How to Discover User Intent at Scale
Many other articles written about user intent recommend a rudimentary way to identify the searcher’s intent.
Their advice is to search for the target keyword and observe what results Google returns. In particular, which Search Features show up.
If Google Maps displays in the results, the phrase, most likely, has a local intent.
If you see an answer box or featured snippets, however, you can assume that it has the informational intent, and so on.
Another method my colleagues recommend is to analyze search modifiers - words in the search query that describe the person’s intent.
For example, if a query includes phrases like “how to,” “how do I,” or “what,” for example, then its intent is, most likely, informational.
If your target phrase includes “review” or “compare,” it exhibits a commercial intent.
Transactional queries, on the other hand, will include words and phrases like “buy,” “cost,” “affordable [product name or category],” and so on.
However, the above method doesn’t always work.

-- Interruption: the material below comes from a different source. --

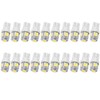JKLcom T10 194 LED Bulbs 20 Pack, White, Vehicle Light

Searching for “affordable surface pro” doesn’t return transactional pages at all. Google offers advice, telling me what alternatives I have for Microsoft’s device, instead.
And that’s not the only problem with it.
Both methods above, for example, fail to consider several factors:
- Who is ranking for a particular keyword?
- What information do those pages include?
- What is the language of the search query?
For each of these you analyze the intent based on the SERPs alone, without considering the content in those search results. As a result, you fail to get a deeper understanding of the information Google promotes within SERPs for the keyword.
Not to mention that both methods don’t work at scale. I admit that they are both useful when you analyze a small keyword set. I can’t imagine going through the process to uncover user intent behind thousands of phrases or more.
At seoClarity, we overcome all of those challenges, bringing you the first, AI-powered way to identify user intent at a scale.
By analyzing every URL, every SERP feature and every detail of the keyword using our AI algorithms, we are able to accurately categorize the hundreds of millions of keywords in our Research Grid into their respective user intent.
For instance, a search for the term balloons shows transactional intent (PLA ads, dominance of PPC ads, etc) with a fair mix of informational intent. In order to be an authority for the term balloons, this tells that we need both informational and transactional content to gain search visibility for this topic.
- We show nearly 50% of keywords related to balloons actually have informational intent
- Another portion of the keywords have transactional intent
- And, this even includes some local intent (but less even though Google shows the local listings high in the SERP)
Final Word: How to Prioritize Content Production Based on the User Intent
There’s an issue regarding the searcher’s intent that I hear about often. Many customers ask me and our Client Success team how to know which user intent to focus on first. Should they start with informational or transactional content? Or maybe something else altogether?
Here’s what I recommend. First, realize that the most effective way to win search visibility is by building authority in your topic cluster. This means creating content covering all of its aspects and what goes with it, all user intents.
The first step to achieve it, however, is by identifying how much coverage you have already. Conduct a thorough content audit to find out. You’ll realize what content’s missing in your strategy quickly.
From then on, I recommend you focus on the transactional intent first. By doing so, you’ll provide immediate ROI from your efforts. And with that, you’ll find it easier to target the top of the funnel customers with the informational intent.
User intent helps define what content to publish to a.) accompany customers along their buyer’s journey, b.) offer relevant information that can bring them closer to the brand, and c.) increase rankings and SERP conversion rate.
When researching keywords, therefore, you must also consider and identify user intent behind those search queries, and then match it to content types and topics you want to target.